ASSIGNMENT.
Within the records below, reproduce without change the lines from the line that has "Donni Sweater Chiquita" through the line that has "Topps Stadium Club", and only those.

(Scraped caption text data)
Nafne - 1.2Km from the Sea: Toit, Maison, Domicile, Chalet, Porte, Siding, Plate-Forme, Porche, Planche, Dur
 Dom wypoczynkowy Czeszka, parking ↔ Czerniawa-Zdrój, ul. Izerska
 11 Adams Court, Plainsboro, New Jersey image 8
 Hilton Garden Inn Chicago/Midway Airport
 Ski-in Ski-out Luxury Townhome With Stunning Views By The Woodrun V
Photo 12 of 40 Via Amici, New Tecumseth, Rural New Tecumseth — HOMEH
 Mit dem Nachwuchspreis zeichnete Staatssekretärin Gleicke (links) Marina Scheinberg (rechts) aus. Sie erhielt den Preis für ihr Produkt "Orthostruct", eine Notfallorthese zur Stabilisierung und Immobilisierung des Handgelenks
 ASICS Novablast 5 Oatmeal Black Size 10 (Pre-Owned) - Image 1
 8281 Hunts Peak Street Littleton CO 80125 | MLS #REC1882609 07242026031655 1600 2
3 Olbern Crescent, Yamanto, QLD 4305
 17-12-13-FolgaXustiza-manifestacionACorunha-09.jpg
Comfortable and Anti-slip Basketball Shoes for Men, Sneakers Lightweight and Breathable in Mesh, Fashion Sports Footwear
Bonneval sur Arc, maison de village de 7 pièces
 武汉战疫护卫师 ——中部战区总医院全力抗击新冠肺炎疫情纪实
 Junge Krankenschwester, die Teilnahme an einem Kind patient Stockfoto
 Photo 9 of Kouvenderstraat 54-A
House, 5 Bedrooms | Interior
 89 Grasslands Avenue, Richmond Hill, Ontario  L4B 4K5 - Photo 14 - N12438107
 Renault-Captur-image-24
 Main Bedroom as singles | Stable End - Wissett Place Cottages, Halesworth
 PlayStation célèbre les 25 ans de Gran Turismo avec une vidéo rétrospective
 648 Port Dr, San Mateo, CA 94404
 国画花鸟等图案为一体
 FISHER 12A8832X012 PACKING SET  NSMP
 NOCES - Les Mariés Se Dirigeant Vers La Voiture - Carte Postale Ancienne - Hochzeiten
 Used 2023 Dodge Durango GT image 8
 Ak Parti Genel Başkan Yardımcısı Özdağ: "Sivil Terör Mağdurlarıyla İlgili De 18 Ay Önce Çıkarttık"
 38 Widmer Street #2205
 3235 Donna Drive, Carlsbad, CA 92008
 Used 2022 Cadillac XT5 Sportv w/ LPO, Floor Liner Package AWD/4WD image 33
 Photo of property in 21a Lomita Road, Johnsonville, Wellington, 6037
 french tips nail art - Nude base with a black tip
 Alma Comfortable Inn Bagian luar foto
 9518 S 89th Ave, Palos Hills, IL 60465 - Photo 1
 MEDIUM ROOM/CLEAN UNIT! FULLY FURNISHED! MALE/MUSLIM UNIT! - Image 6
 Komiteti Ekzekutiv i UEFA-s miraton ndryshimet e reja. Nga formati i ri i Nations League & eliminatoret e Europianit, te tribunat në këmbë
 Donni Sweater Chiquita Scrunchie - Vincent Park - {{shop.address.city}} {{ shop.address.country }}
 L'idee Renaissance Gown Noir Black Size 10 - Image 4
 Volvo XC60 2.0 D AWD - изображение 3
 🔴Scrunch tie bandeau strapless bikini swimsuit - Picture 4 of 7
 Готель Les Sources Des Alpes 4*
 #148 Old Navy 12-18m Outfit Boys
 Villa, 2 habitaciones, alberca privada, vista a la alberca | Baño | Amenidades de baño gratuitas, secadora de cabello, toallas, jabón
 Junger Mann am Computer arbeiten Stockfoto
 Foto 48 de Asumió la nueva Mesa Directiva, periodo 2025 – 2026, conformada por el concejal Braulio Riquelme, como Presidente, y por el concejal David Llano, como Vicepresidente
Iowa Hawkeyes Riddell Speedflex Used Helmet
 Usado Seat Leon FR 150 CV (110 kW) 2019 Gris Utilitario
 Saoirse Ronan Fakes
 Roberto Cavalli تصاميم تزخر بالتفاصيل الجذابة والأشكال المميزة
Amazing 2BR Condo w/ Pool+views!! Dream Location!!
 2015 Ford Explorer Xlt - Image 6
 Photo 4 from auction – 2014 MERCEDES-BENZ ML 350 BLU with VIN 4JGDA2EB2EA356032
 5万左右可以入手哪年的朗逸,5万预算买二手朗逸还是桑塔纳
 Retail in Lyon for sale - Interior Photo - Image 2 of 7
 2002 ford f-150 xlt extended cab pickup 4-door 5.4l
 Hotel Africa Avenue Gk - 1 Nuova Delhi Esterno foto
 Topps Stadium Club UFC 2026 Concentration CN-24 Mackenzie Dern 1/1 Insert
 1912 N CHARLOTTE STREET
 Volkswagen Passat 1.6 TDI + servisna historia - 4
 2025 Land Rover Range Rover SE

THE COMPLETED TASK.
 Donni Sweater Chiquita Scrunchie - Vincent Park - {{shop.address.city}} {{ shop.address.country }}
 L'idee Renaissance Gown Noir Black Size 10 - Image 4
 Volvo XC60 2.0 D AWD - изображение 3
 🔴Scrunch tie bandeau strapless bikini swimsuit - Picture 4 of 7
 Готель Les Sources Des Alpes 4*
 #148 Old Navy 12-18m Outfit Boys
 Villa, 2 habitaciones, alberca privada, vista a la alberca | Baño | Amenidades de baño gratuitas, secadora de cabello, toallas, jabón
 Junger Mann am Computer arbeiten Stockfoto
 Foto 48 de Asumió la nueva Mesa Directiva, periodo 2025 – 2026, conformada por el concejal Braulio Riquelme, como Presidente, y por el concejal David Llano, como Vicepresidente
Iowa Hawkeyes Riddell Speedflex Used Helmet
 Usado Seat Leon FR 150 CV (110 kW) 2019 Gris Utilitario
 Saoirse Ronan Fakes
 Roberto Cavalli تصاميم تزخر بالتفاصيل الجذابة والأشكال المميزة
Amazing 2BR Condo w/ Pool+views!! Dream Location!!
 2015 Ford Explorer Xlt - Image 6
 Photo 4 from auction – 2014 MERCEDES-BENZ ML 350 BLU with VIN 4JGDA2EB2EA356032
 5万左右可以入手哪年的朗逸,5万预算买二手朗逸还是桑塔纳
 Retail in Lyon for sale - Interior Photo - Image 2 of 7
 2002 ford f-150 xlt extended cab pickup 4-door 5.4l
 Hotel Africa Avenue Gk - 1 Nuova Delhi Esterno foto
 Topps Stadium Club UFC 2026 Concentration CN-24 Mackenzie Dern 1/1 Insert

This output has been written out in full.